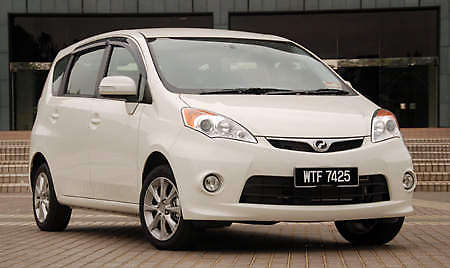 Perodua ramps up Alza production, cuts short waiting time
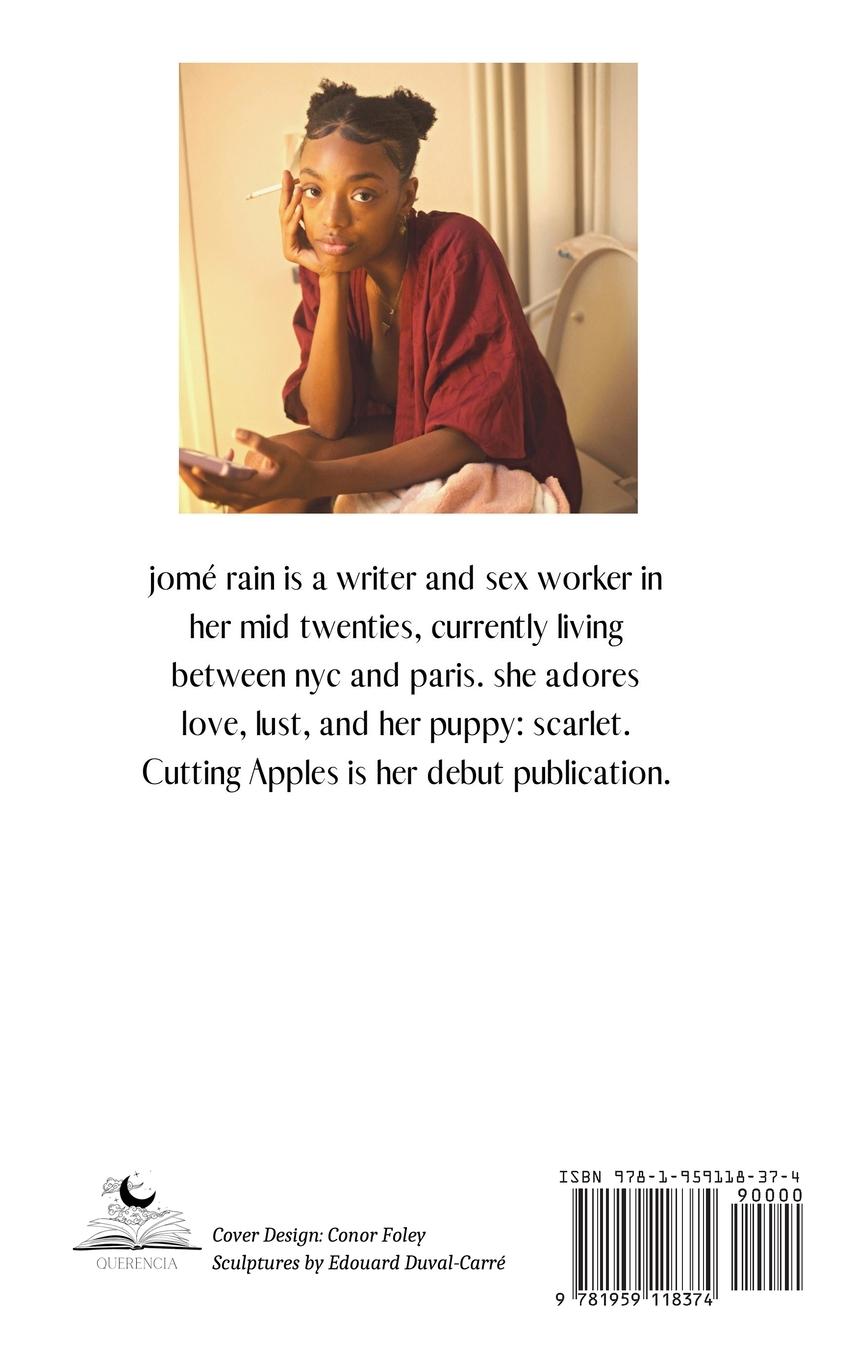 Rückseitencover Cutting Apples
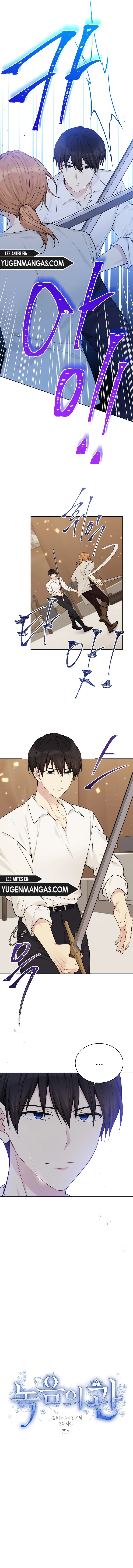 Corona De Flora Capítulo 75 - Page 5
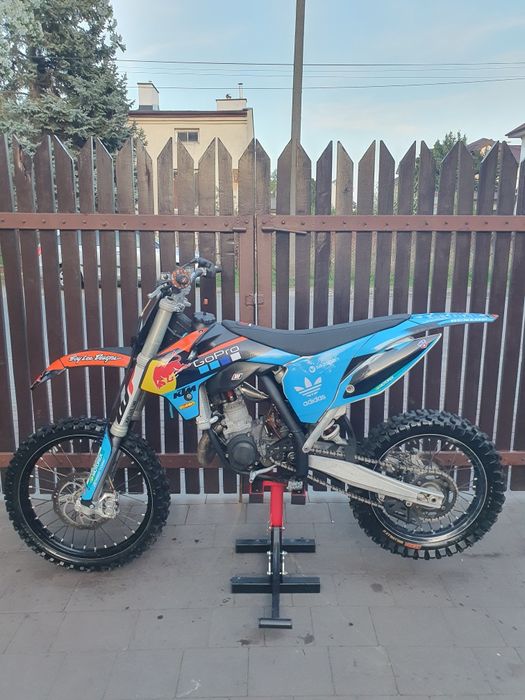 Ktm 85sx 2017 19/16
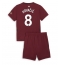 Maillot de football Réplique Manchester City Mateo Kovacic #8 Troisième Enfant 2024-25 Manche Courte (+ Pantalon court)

* * * * * * * * *

ABOUT THIS TASK ::
Only exact repeats of the lines from the one containing "Corona De Flora Capítulo 75 - Page 5" through the end of the listing above are wanted here; pictures are not.

RESULT OF THIS EXERCISE ::
 Corona De Flora Capítulo 75 - Page 5
 Ktm 85sx 2017 19/16
 Maillot de football Réplique Manchester City Mateo Kovacic #8 Troisième Enfant 2024-25 Manche Courte (+ Pantalon court)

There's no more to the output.